29 Ocak 2012 Pazar

30M'den Nazlıcan



Bugün banyoyu su bastı. O bir şey değil de günlerden Pazar olması bir miktar sıkıntı yarattı, zira eli ingiliz anahtarı tutan kimseye ulaşamadık. İki saat şorul şorul aktı su. Önce kaynar kaynar aktı bir de, çok tatlı... İki saat sonunda lavabonun poposunu yerinden söküp suyun akmasını durduran bir cengaver çıktı neyse ki. Bana da musluk -pardon armatür- almak için yollara düşmek kaldı. 

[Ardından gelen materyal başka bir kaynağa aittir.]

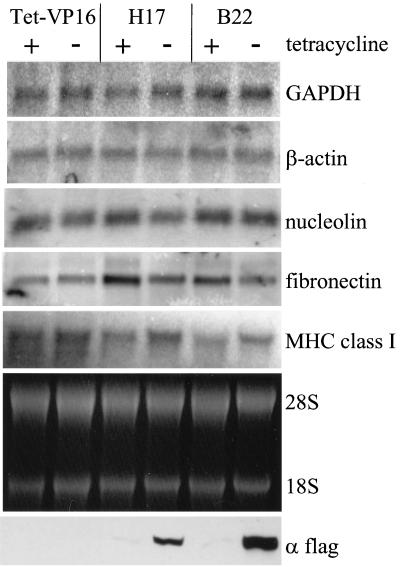 FIG. 9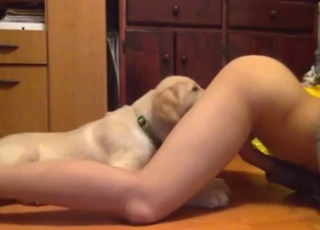 Asian girl with a sexy back licked by a mutt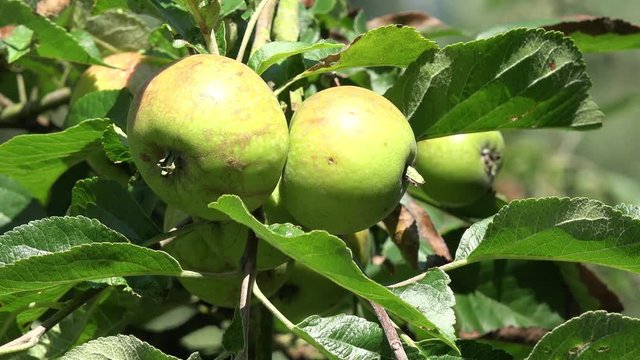 Green apple fruits hanging on apple tree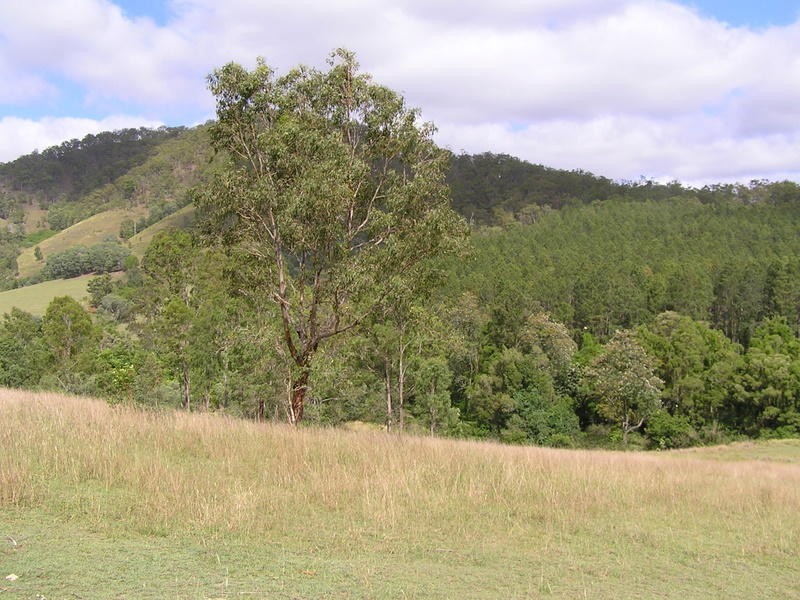 Upper Kandanga QLD 4570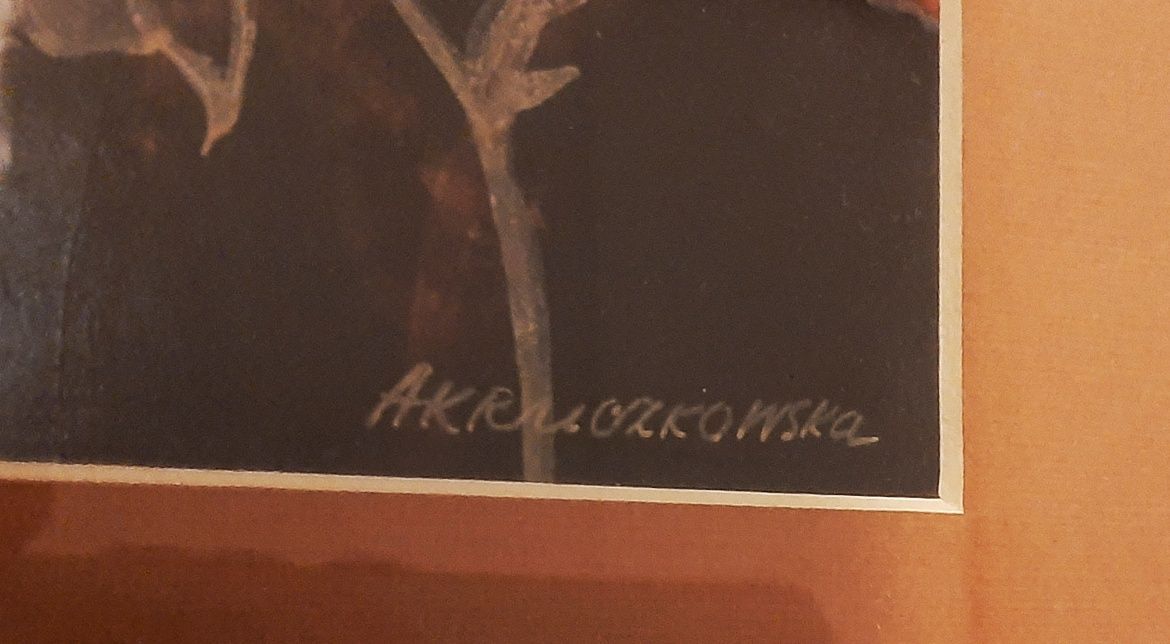Kolekcja obrazów kwiaty Anna Kruczkowska-Pieczykolan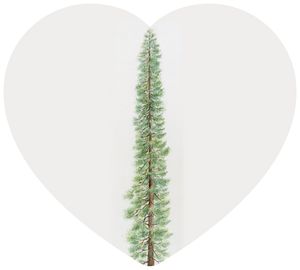 Sequoia (EP)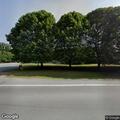 Overhanging branches block southbound lane on Route 5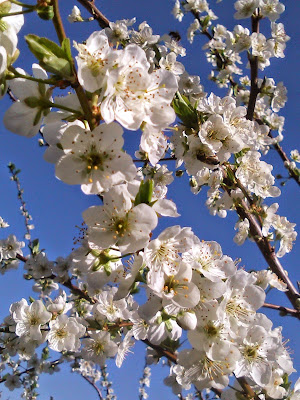 flores de ciruelo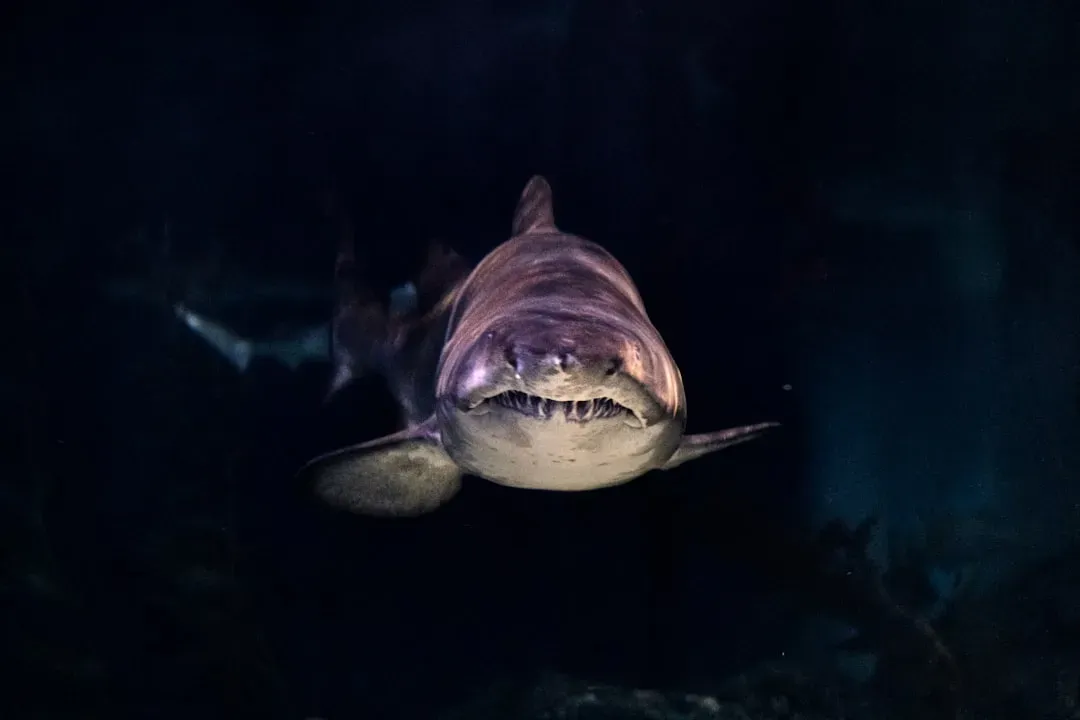 6. The mechanical shark in Jaws worked as planned throughout filming (Image Credits: Unsplash)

30M'ye mi 30A'ya mı ne bindim, otobüsün arkasında ayakta gidiyorum. Önümde sırt çantalı bir velet -aşağı yukarı 10 yaşında olduğunu tahmin ediyorum- basamaklarda duruyor, ben de hemen arkasında. İkimizin de yüzü kapıya dönük, yüzünü görmüyorum ama saçları bıraksan afro olacak, belli. Kirpikleri de uzun, kıvrık kıvrık. Camlar buğulu, dışarıda kar atıştırıyor. Mecidiyeköy otobüsü ağır ağır ilerliyor bulvardan yukarı. Bir baktım cama bir şeyler yazıyor: Nazlıcan. Sonra sağ elinin işaret ve orta parmağını buğulu cama koyup iki yana doğru ayırdı ve birleştirdi. Kalp yapmaya çalışıyordu. Bir sürü başarısız denemenin ardından bir tanesi hiç de fena olmadı. Sonra tuttu yalnızca işaret parmağıyla küçük ve düzgün bir kalp kondurdu Nazlıcan'ın üstüne. Nazlıcan'ın bundan hiç haberi olmadı.

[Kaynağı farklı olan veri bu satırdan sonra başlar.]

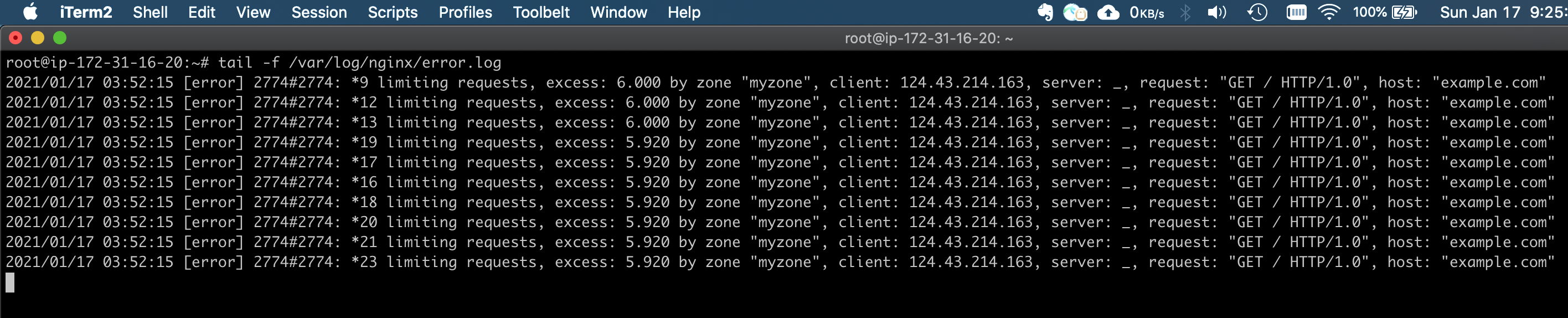 Nginx Error Log Output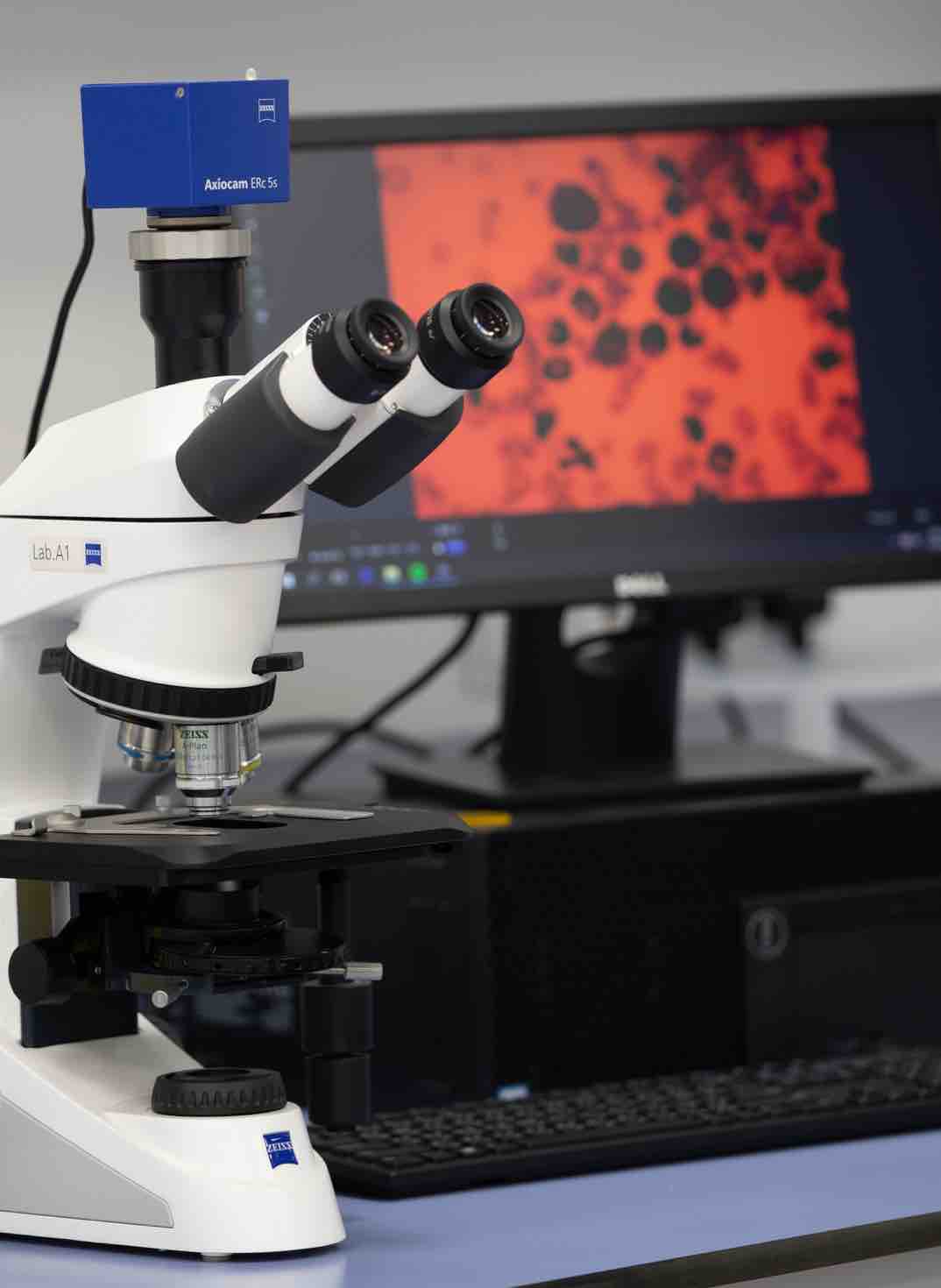 HH EVMC Opening - v - 2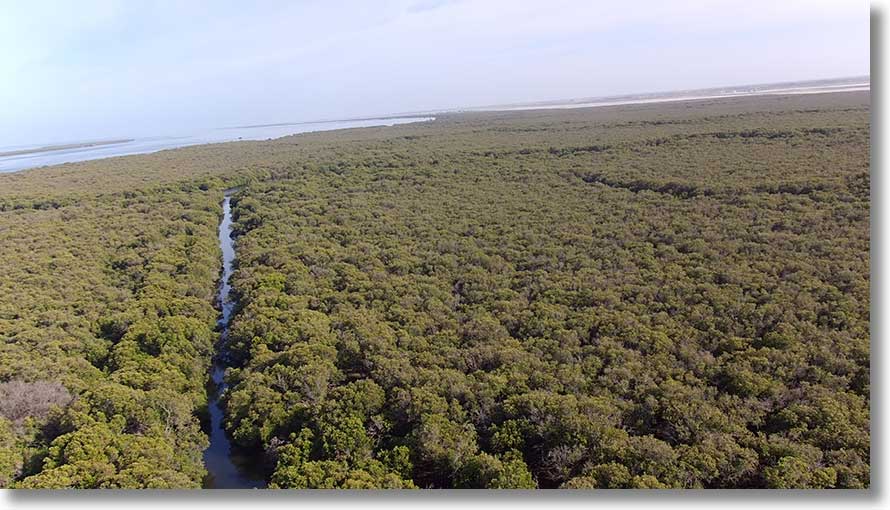 Burrows Creek: channel to north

Beş on dakika sonra, ben hala çocuğa arkasından bakıp bakıp ah yavrum tonlamasıyla gülümserken çocuk bir blackberry çıkarıverdi çantasından. Mesajlarına baktı, kulaklıklarını taktı, müzik açtı. Ne dinlediğini de görmeye çalıştım ama göremedim. Sonra düşündüm ki ah yavrumluk bir durum yok. 10 yaşında filan ama belki de Nazlıcan'dan gelen mesajlarla dolu o mesaj kutusu ya da kim bilir, aylardır çıkıyorlar belki. Olamaz mı, olabilir. Belki de onun bunla hiç alakası yok, okulun ilk gününden beri hoşlanıyor Nazlıcan'dan ama hala açılamadı. Hem telefonla ne ilgisi var bunun, çantasından iPad 2 çıkarsa ne düşünecektim?! Yok yok, bir rahatlık vardı kızın adını yazışında. Elini tuttuğu bir insanın adını yazar gibi rahattı. 

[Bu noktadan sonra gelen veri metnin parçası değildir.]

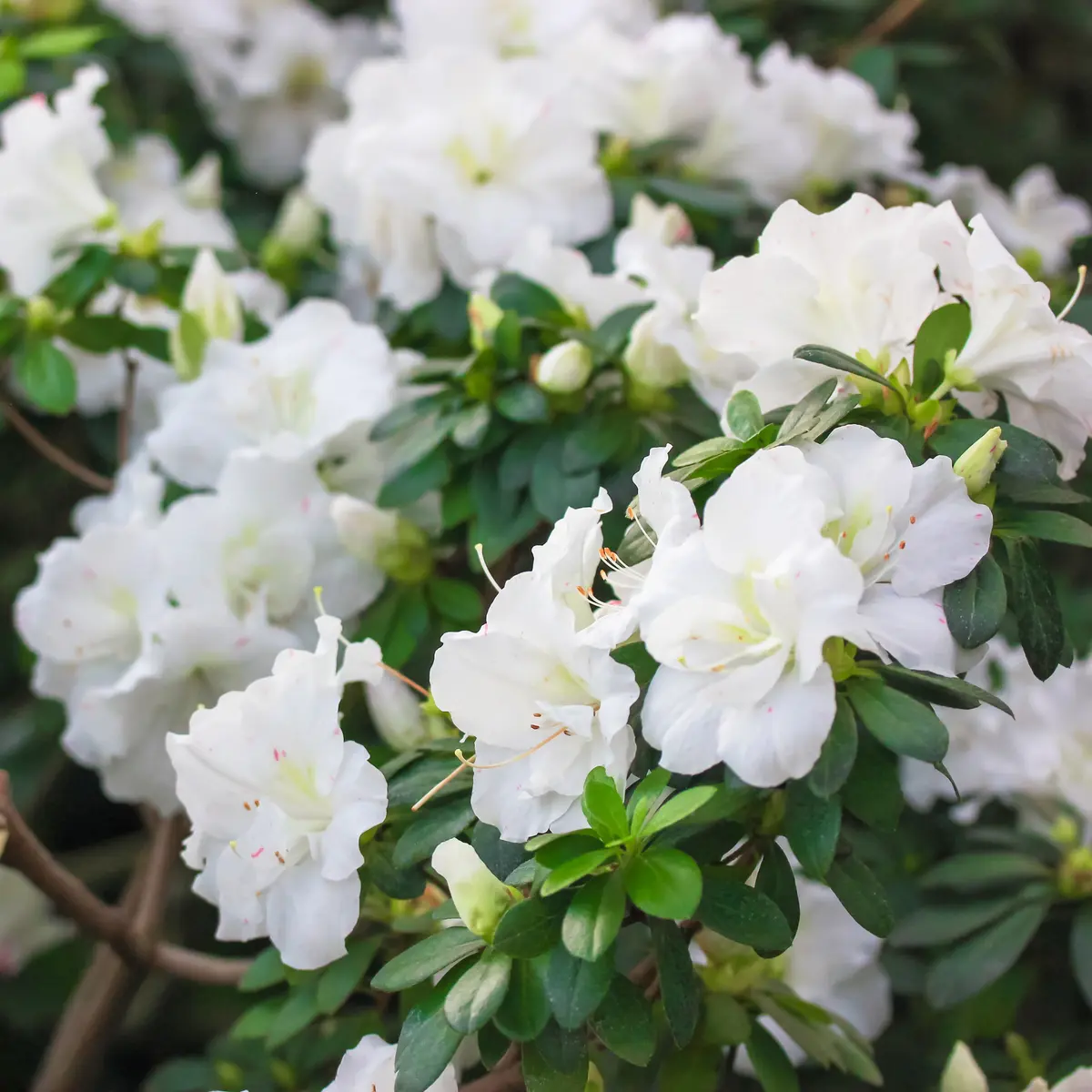 Asalea 'Maischnee'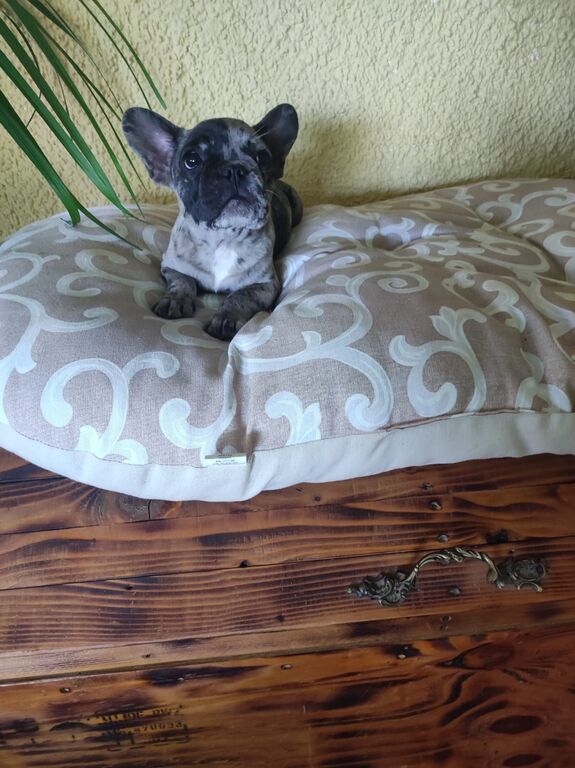 5410453  Bouledogue francese maschietto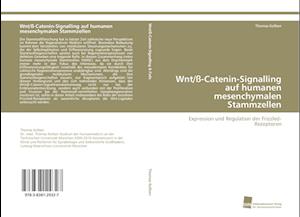 Wnt/ß-Catenin-Signalling auf humanen mesenchymalen Stammzellen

İnmesine yakın, yarım yamalak silmeye çalıştı Nazlıcan'ı ve kalpleri. İndi. Birkaç dakika sonra camın yeniden buğulanmasıyla çocuğun cama bıraktığı her iz geri geldi. Nazlıcan, otobüs yolcularıyla birlikte Mecidiyeköy'e doğru devam etti. Ne o bunun farkındaydı, ne de çocuk farkında.